RE: Rebar 90 degrees hook length
RE: Rebar 90 degrees hook length
Which is obviously not correct and I see it being abused all the time in situations where there is not enough room to get a bar to develop, so people will just keep extending the tail of the bar until they get enough overall length.
Unless you are providing a larger-than-normal bend diameter (>10*db if I remember correctly), the reinforcement can't be considered to continue developing along the tail of the bar.
RE: Rebar 90 degrees hook length
Putting a critical engineering hat on, do we think that the stiffer load path for development is going to be the inside of the hook, or the long ass tail that someone stuck on it?

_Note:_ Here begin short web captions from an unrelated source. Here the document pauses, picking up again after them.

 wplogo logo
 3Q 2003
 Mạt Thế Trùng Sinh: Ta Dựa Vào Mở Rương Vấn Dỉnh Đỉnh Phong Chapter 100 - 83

Obviously it's going to be the hook so the peak load will be inside the hook
If Ldh isn't provided then you risk breaking the concrete IMO
This is relevant to the detail you provided - the bar from the wall to slab is way underdeveloped inside the slab as the hook is so close to the bottom
The advantage of the longer tail is realised at that at least there is something still anchored into the concrete if a cone blows out
But then you have some sort of bar in bending-catenary situation going on, so it's not a primary situation
To me, the advantage of using a hooked bar with long legs is all about construction
I commonly do it for retaining walls - it saves them a bunch of steel and makes it way easier to support all the bars
The horizontal legs support the vertical legs and vise versa, whereas using straight footing bars tied to a short-hooked vertical starter is a floppy system with way more tying required
RE: Rebar 90 degrees hook length
Agreed, that's one of the issues with the detail that I'm working with the original engineer to fix. I'm hired to do quality control and calculations.
That's actually a good argument for doing the longer tail. I can buy that. I don't remember the actual name, but I read a forensic engineering report where a parking garage had a pancaking collapse due to punching shear failure. The investigators noted that if the hooks between column and slab were extended, they would have saved the day. That being said, I don't see hooks on a continuous wall or footing to act in the same way as in a punching shear failure, so maybe it's not necessary. But then again, you don't want to be mixing dowel sizes on a jobsite, so just use the longer ones.
I'm not following. Can you explain this again?
RE: Rebar 90 degrees hook length
If this dowel is intended to work in shear for some sort of lateral load than the calculation should follow the shear friction provisions of ACI (if this is IBC design). You could intentionally roughen the top surface of the walls to get more capacity out of this joint.
RE: Rebar 90 degrees hook length
ACI 318-14, 25.4.10.2 exception (b) triggers for dowel conditions as these are for shear friction transfer and need to develop Fy on both sides of the slip plane.
ACI 318-19, 25.4.10.2 amended exception (d) to include hooked reinforcement.
RE: Rebar 90 degrees hook length
In that case, though, I don't think even #4 can be fully developed. I ran a quick calculation using 25.4.3.1 and I got 9.5" for 4000 psi concrete.
RE: Rebar 90 degrees hook length
I'm not sure what you mean by "double-counting". It does perform 2 functions, if that's what you mean. the hook would theoretically develop sufficient tension capacity for the vertical leg, and the extension gives it sufficient development to resist the moment in the footing. I don't se it as being substantially different than a straight bar extending through a tension zone - there's tension force pulling both directions away from the middle.
In the case of your dowels, if the dowel is supposed to carry moment around the corner, the horizontal leg of the dowel has to have a lap length to the top horizontal bar past the point where both bars are needed to resist the negative moment in the slab.
RE: Rebar 90 degrees hook length
In general terms, both are fine ways to build a foundation (though in the 2nd one my footing bar should probably have hooks)
RE: Rebar 90 degrees hook length
RE: Rebar 90 degrees hook length
@Greenalleycat Thanks for sketching it out! I get what you mean. And if the retaining wall is taller, that big piece can still function as a dowel.